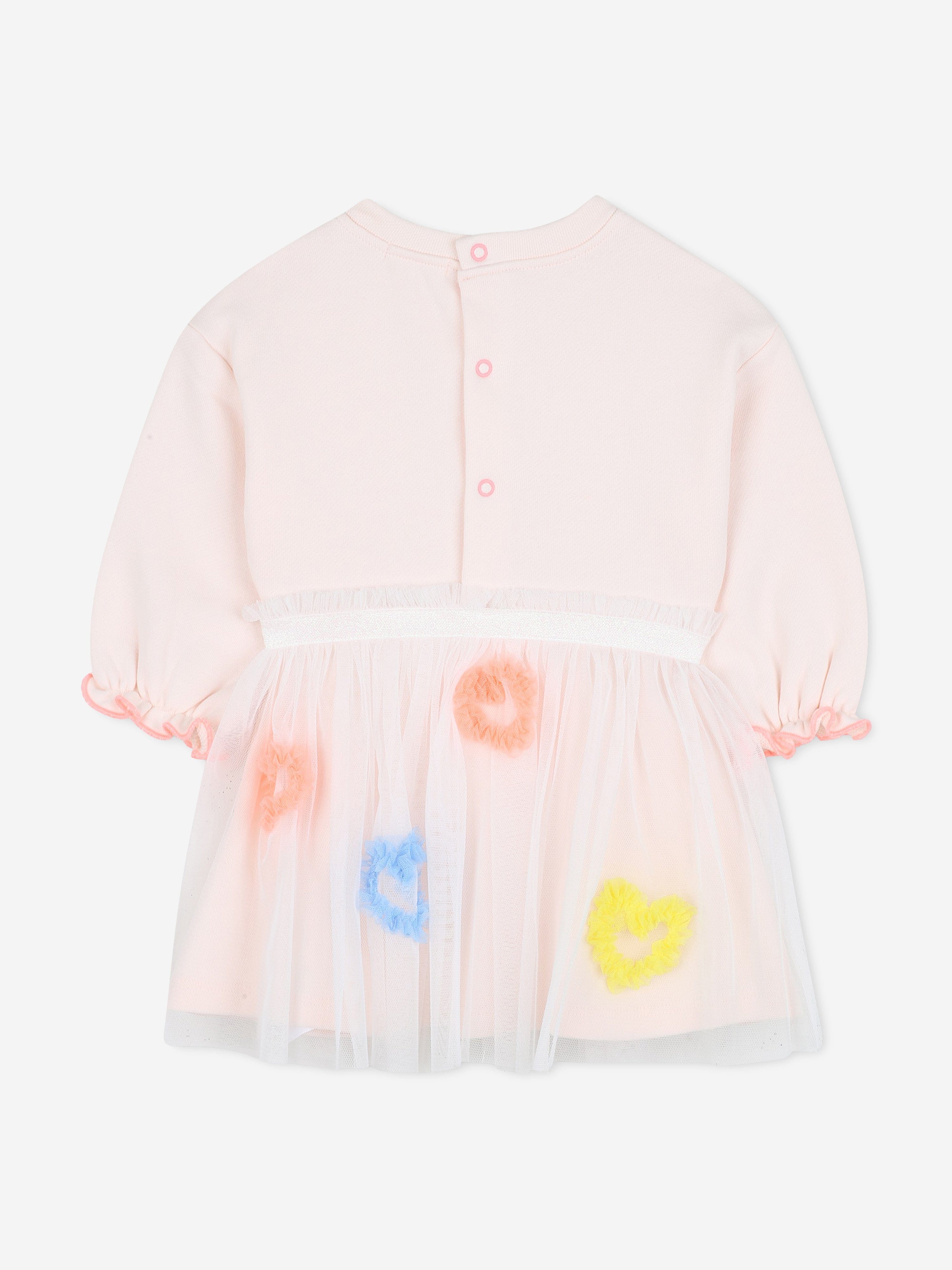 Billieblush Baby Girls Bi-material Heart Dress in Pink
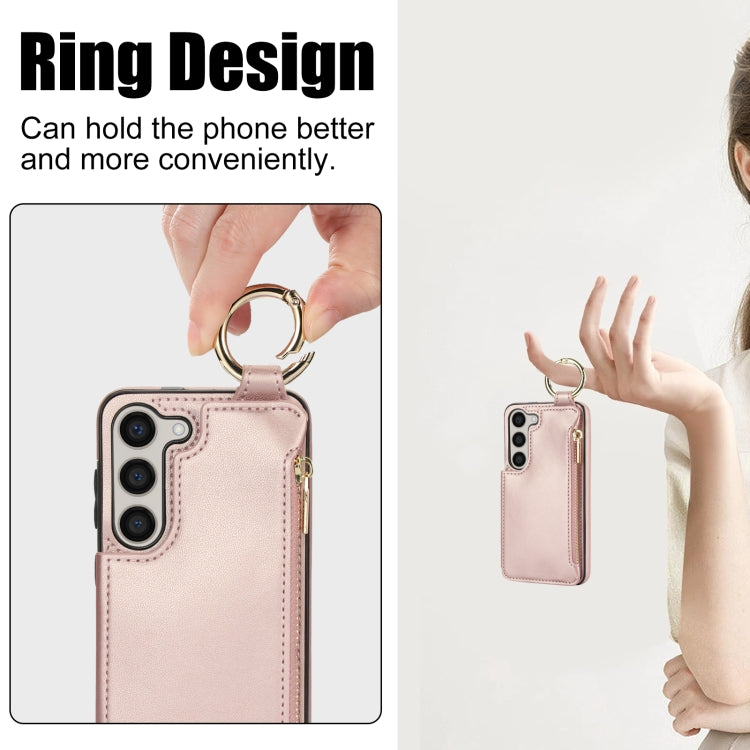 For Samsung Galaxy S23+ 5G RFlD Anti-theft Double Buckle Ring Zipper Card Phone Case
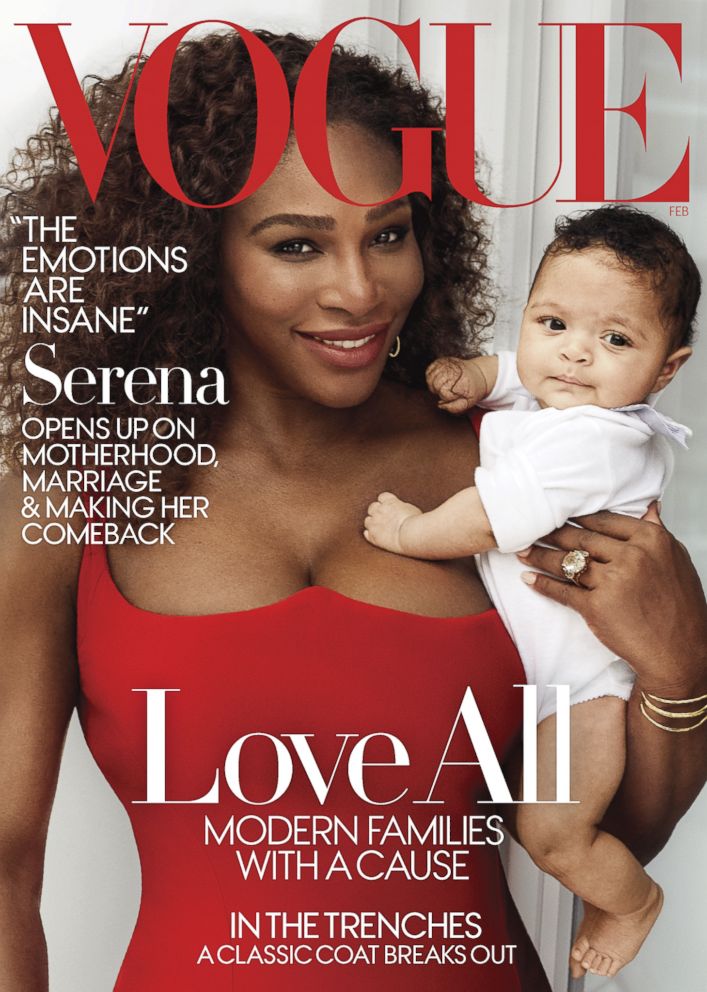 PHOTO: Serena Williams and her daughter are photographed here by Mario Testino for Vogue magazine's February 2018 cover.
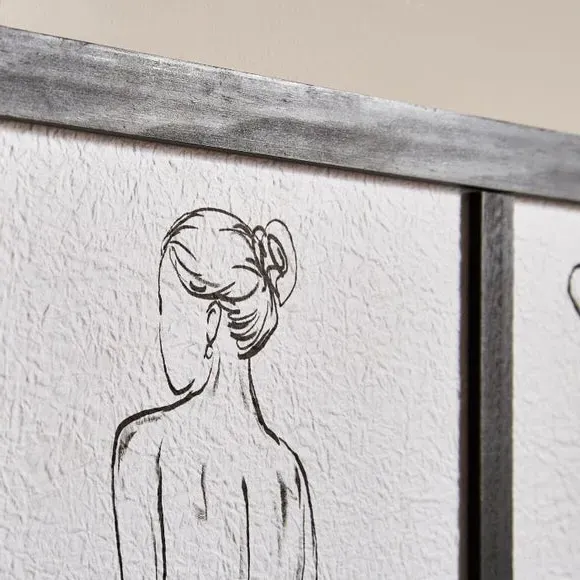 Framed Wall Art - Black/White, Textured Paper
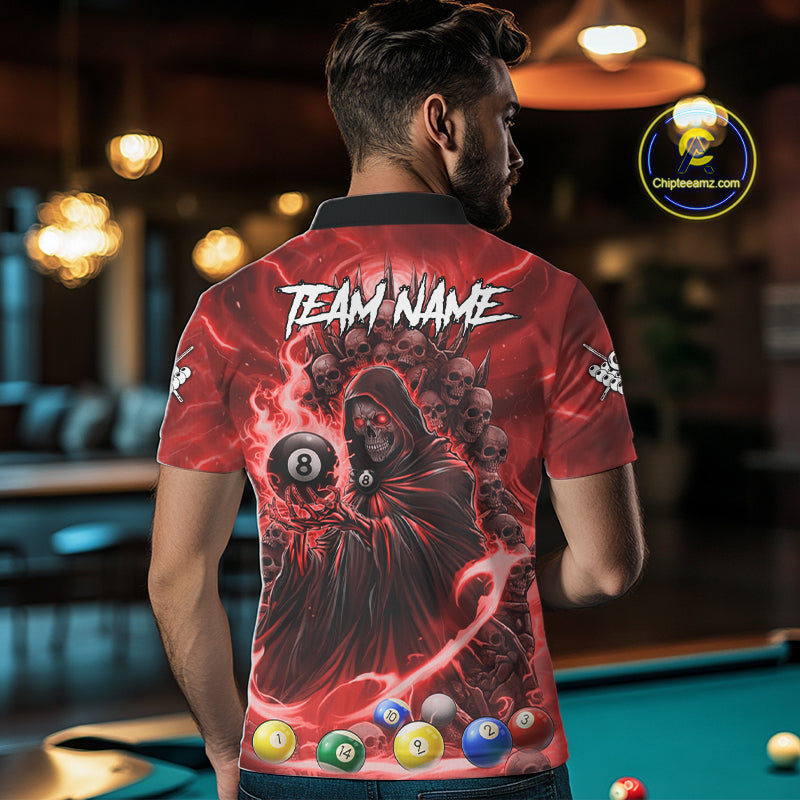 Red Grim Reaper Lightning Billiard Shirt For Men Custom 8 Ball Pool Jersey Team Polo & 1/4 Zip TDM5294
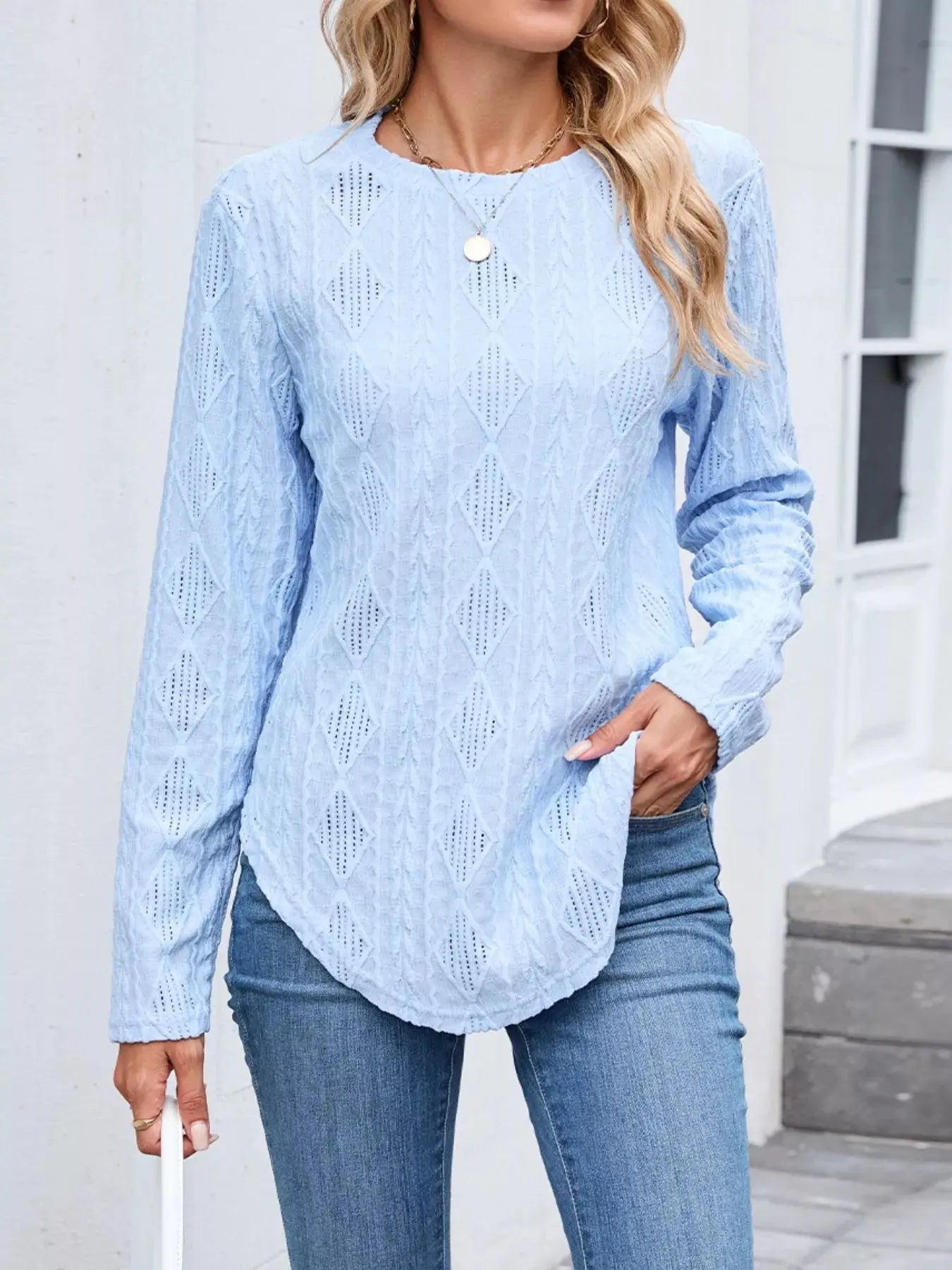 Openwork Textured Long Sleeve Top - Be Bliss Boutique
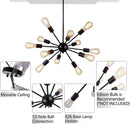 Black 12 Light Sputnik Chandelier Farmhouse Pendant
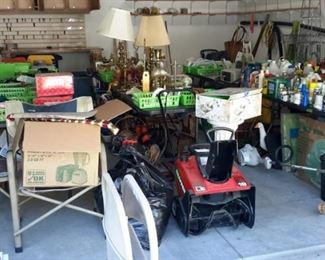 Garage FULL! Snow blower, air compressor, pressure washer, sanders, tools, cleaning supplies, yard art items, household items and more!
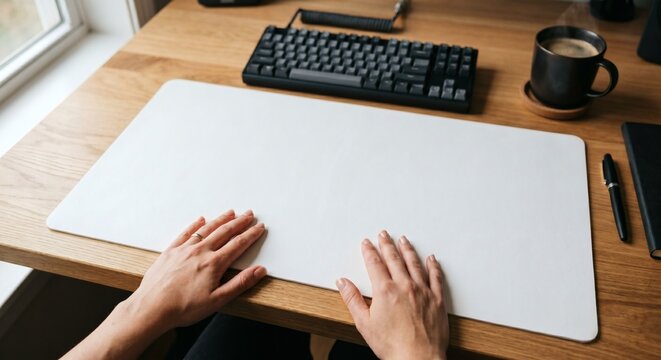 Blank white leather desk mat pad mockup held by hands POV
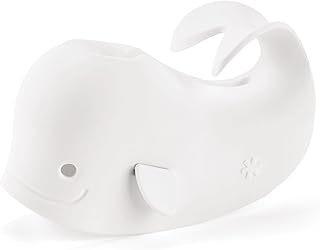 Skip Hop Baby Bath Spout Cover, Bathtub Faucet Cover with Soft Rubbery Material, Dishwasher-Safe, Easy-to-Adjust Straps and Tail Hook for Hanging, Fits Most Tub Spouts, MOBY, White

----

**DIRECTIONS FOR THIS TASK:** Once the pictures are set aside, retype the rest of the listing exactly.

**EXPECTED ANSWER:**
 Billieblush Baby Girls Bi-material Heart Dress in Pink
 For Samsung Galaxy S23+ 5G RFlD Anti-theft Double Buckle Ring Zipper Card Phone Case
 PHOTO: Serena Williams and her daughter are photographed here by Mario Testino for Vogue magazine's February 2018 cover.
 Framed Wall Art - Black/White, Textured Paper
 Red Grim Reaper Lightning Billiard Shirt For Men Custom 8 Ball Pool Jersey Team Polo & 1/4 Zip TDM5294
 Openwork Textured Long Sleeve Top - Be Bliss Boutique
 Black 12 Light Sputnik Chandelier Farmhouse Pendant
 Garage FULL! Snow blower, air compressor, pressure washer, sanders, tools, cleaning supplies, yard art items, household items and more!
 Blank white leather desk mat pad mockup held by hands POV
 Skip Hop Baby Bath Spout Cover, Bathtub Faucet Cover with Soft Rubbery Material, Dishwasher-Safe, Easy-to-Adjust Straps and Tail Hook for Hanging, Fits Most Tub Spouts, MOBY, White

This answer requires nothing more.